No, because the cool thing is I have a lot of good people around me. Modlife is ran by one of the guys who started Guitar Hero and Rock Band. There are rad people running these companies. I’m like a visionary, kind of a macro occasional objective viewer that comes in and gives my two cents, but I really am a musician. That’s where I spend most of my time. I have a few meetings a week where I can try to contribute but I usually do more harm than good. Angels & Airwaves, it takes up most of my time, it takes up almost all my time. But now that Blink just came back into the picture, we have one thing on our plates right now, and that’s this tour. So we’ll see what happens after this tour and how everyone recuperates from it and see what the next plan is. There’s sputterings about Europe, obviously we’re talking about the next record, but it has to fit into everyone’s schedule, and everyone has their things and none of these things are going away and we’ve just got to figure it out.

And what’s new with Macbeth?

Well, Macbeth is doing awesome. We have shoes that we just did with Green Day, Mike Dirnt from Green Day. We’re really excited about that one. I have this new one that we’ve been working on for the past year called The Brighton that just came out.

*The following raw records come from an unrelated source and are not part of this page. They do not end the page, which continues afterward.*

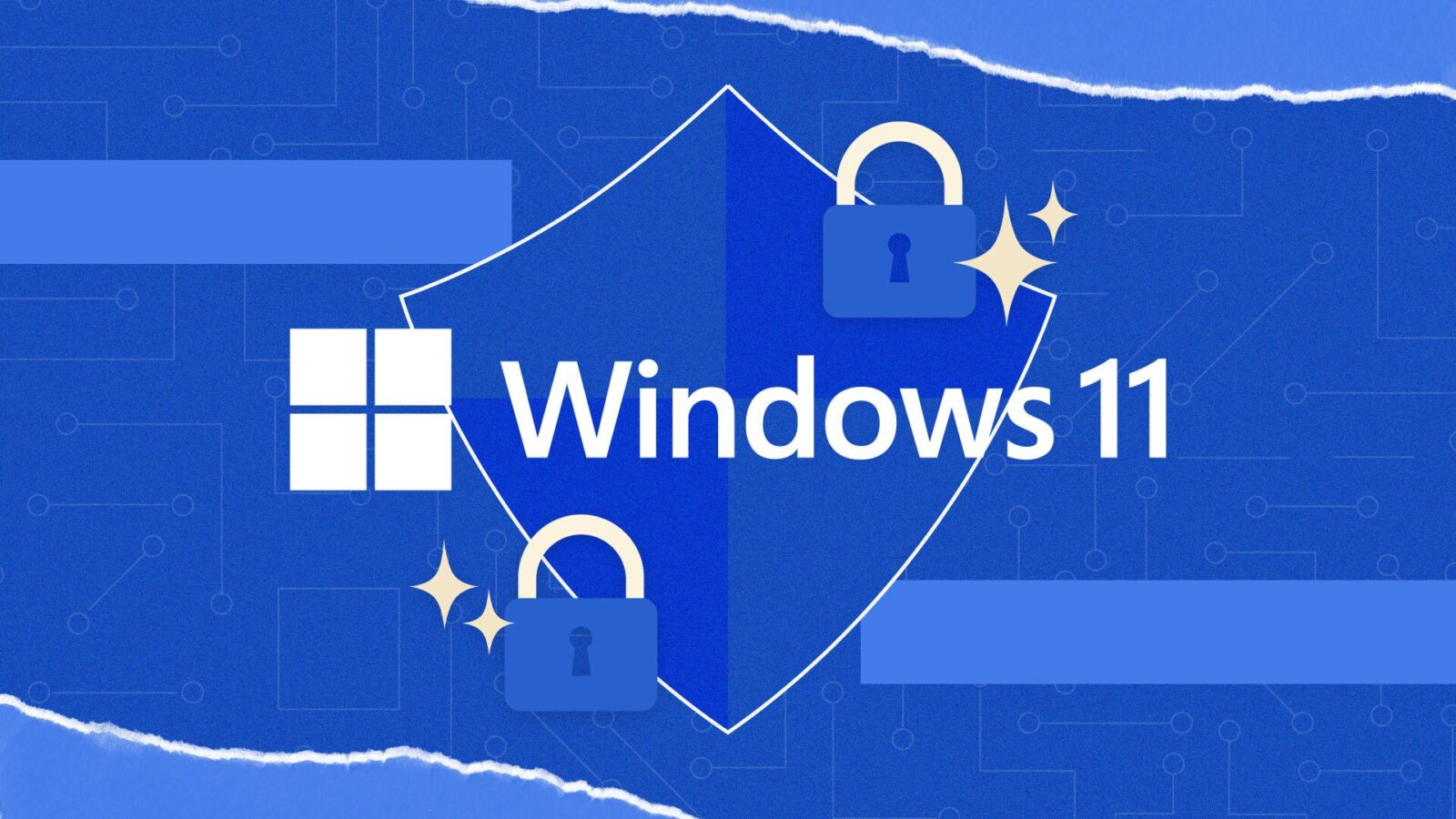 ativar-bloqueio-dinamico-windows-11-mundo-smart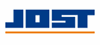 JOST-Werke Deutschland GmbH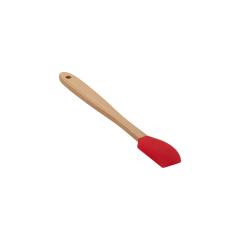 Stěrka Spatuboo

It’s taken years for people to understand that you can start a shoe company based on music and it’s probably as far out as an idea when they started a running shoe company called Nike (laughs). But we’ve really proven ourselves to stay true to the classics that we create. We base all of our shoes off shoes that musicians would love, at least our kind of musicians. From Adidas Sambas or the Converse Chuck Taylor. Stuff that punkers and alternative musicians have been wearing forever and it’s great. We do custom stuff for bands like Muse, and My Chemical Romance we did some big charity stuff with them. We have rad artists that we work with. Tegan & Sara, those girls out of Canada, their stuff is so fashionable. We’re small, boutique, but we grew in the worst economy ever, so I’m excited.

I’m sure you have probably an 18-month plan, whether you’re conscious of it or not, where do you see yourself being in five years or 10 years?

My biggest fear I guess is probably what I sense is having two gigantic rock bands (laughs). I don’t know anybody else who has done that and it scares me because what I’m trying to do is simplify. I’m 33 now and I have two kids and you look around you and life isn’t all about the go-go-go, which in your 20s is really easy to do. I’m not quite sure. I don’t know. In five years I honestly see Angels & Airwaves as being a gigantic rock band doing anything and everything it wants to do, from cinema to technology and a lot of different ambitious, artistic ideas. That band is going to push the envelope. Blink, if we do the right record next, we could be in stadiums. That’s proving itself because of this tour. I really think that. Maybe not, but it seems that way to me. But it has to be the right record and it has to be something that we really all go in and focus on and nail. So I guess the next five years, I could have these two things that are monsters but at the same time are equally gratifying in many ways. But I think another big fear I guess is how do you make them both succeed when you start cutting yourself down so thin. You know, I don’t fucking know. I’ll call you in the next five years and tell you (laughs).